1. Uyuşmazlık ve Hukuki Nitelendirme

Uyuşmazlık, davacı kadının boşanma davasının kabulü koşullarının oluşup, oluşmadığı, taraflar arasında ortak hayatı temelinden sarsacak derecede ve birliğin devamında imkan vermeyecek nitelikte bir geçimsizlik bulunup bulunmadığı, geçimsizlik var ise kusurun kimden kaynaklandığı noktasında toplanmaktadır.

2. İlgili Hukuk

4721 sayılı Kanun'un 166 ncı maddesinin birinci ve ikinci fıkrası. 6100 sayılı Hukuk Muhakemeleri kanunu'nun (6100 sayılı Kanun) 369 uncu, 370 nci, 371 inci maddeleri.

3. Değerlendirme

1.Bölge adliye mahkemelerinin nihai kararlarının bozulması 6100 sayılı Kanun'un 371 inci maddesinde yer alan sebeplerden birinin varlığı hâlinde mümkündür.

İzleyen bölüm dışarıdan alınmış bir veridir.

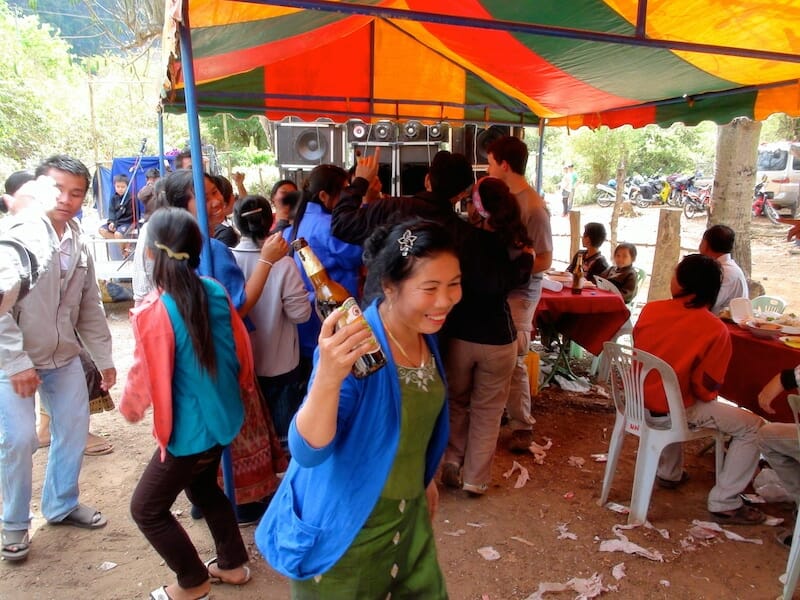 fete boucle moto thakhek laos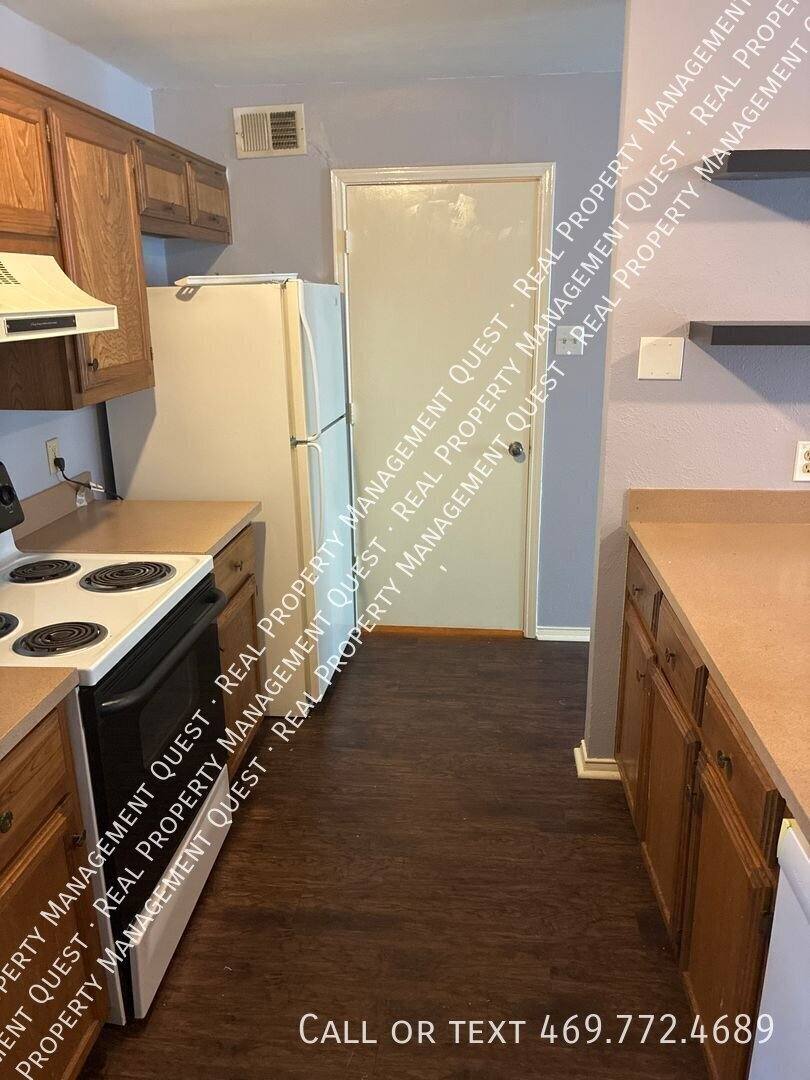 Townhouse for rent at 123 Austin Stone Dr, Duncanville, TX 75137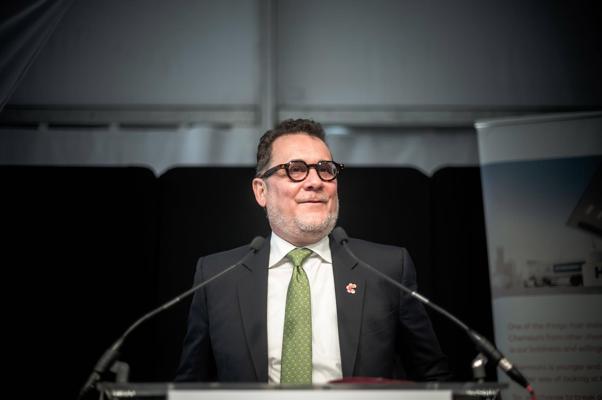 Jonathan Lock, photo 1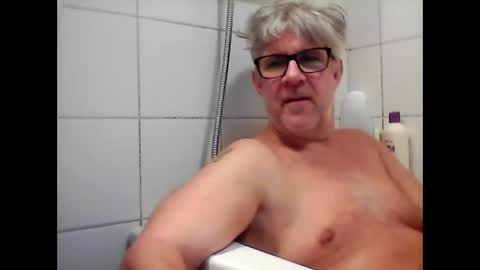 baggelina75 online show from 14, 1, 2025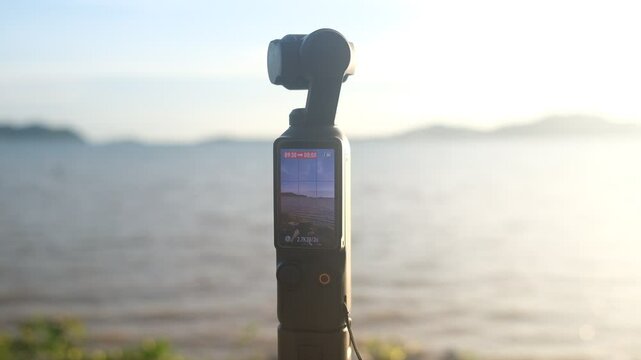 camera recording sea 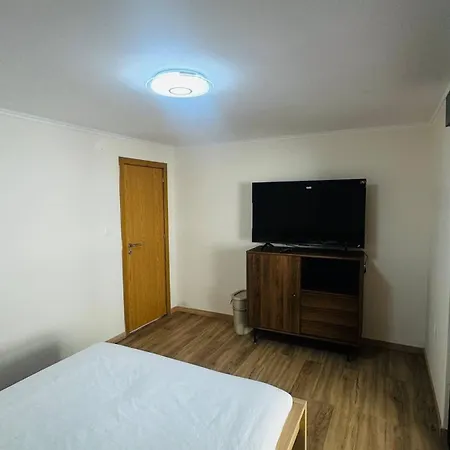 Cozy 2-bedroom In Pontinha, Portugal *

2. Temyizen incelenen karar, tarafların karşılıklı iddia ve savunmalarına, dayandıkları belgelere,

uyuşmazlığa uygulanması gereken hukuk kuralları ile hukuki ilişkinin nitelendirilmesine, dava şartlarına, yargılama ve ispat kuralları ile kararda belirtilen gerekçelere göre usul ve kanuna uygun olup davacı kadın vekilince temyiz dilekçesinde ileri sürülen nedenler kararın bozulmasını gerektirecek nitelikte görülmemiştir.

VI. KARAR

Açıklanan sebeple;

Temyiz olunan Bölge Adliye Mahkemesi kararının 6100 sayılı Kanun'un 370 inci maddesinin birinci fıkrası uyarınca ONANMASINA,

Aşağıda yazılı temyiz giderinin temyiz edene yükletilmesine,

Dosyanın İlk Derece Mahkemesine, kararın bir örneğinin Bölge Adliye Mahkemesine gönderilmesine,

04.07.2023 tarihinde oy birliğiyle karar verildi.